- IPC code: MLT
- NPC: Malta Paralympic Committee
- Website: www.paralympic.mt
- Medals: Gold 0 Silver 2 Bronze 5 Total 7

Summer appearances
- 1960; 1964; 1968; 1972; 1976; 1980; 1984; 1988–2004; 2008; 2012; 2016; 2020; 2024;

= Malta at the Paralympics =

Malta participated in the inaugural Paralympic Games in 1960 in Rome, sending four competitors to take part in athletics, snooker and table tennis. Its first participation was also its most successful; each of its representatives won a medal: two silver and two bronze.
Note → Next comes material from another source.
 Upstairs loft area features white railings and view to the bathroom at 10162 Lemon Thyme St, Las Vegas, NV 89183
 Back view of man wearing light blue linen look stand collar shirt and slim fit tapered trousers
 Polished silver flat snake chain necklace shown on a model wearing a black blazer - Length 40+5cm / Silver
The country then competed in almost every edition of the Summer Paralympics up to 1984, included - being absent only at the 1976 Games. Maltese competitors won two bronze medals in 1964, and one more in 1980. Malta subsequently ceased to take part in the Paralympics, until it made its return in 2008, with a single representative, after missing five consecutive Summer Games.

Malta has never taken part in the Winter Paralympics.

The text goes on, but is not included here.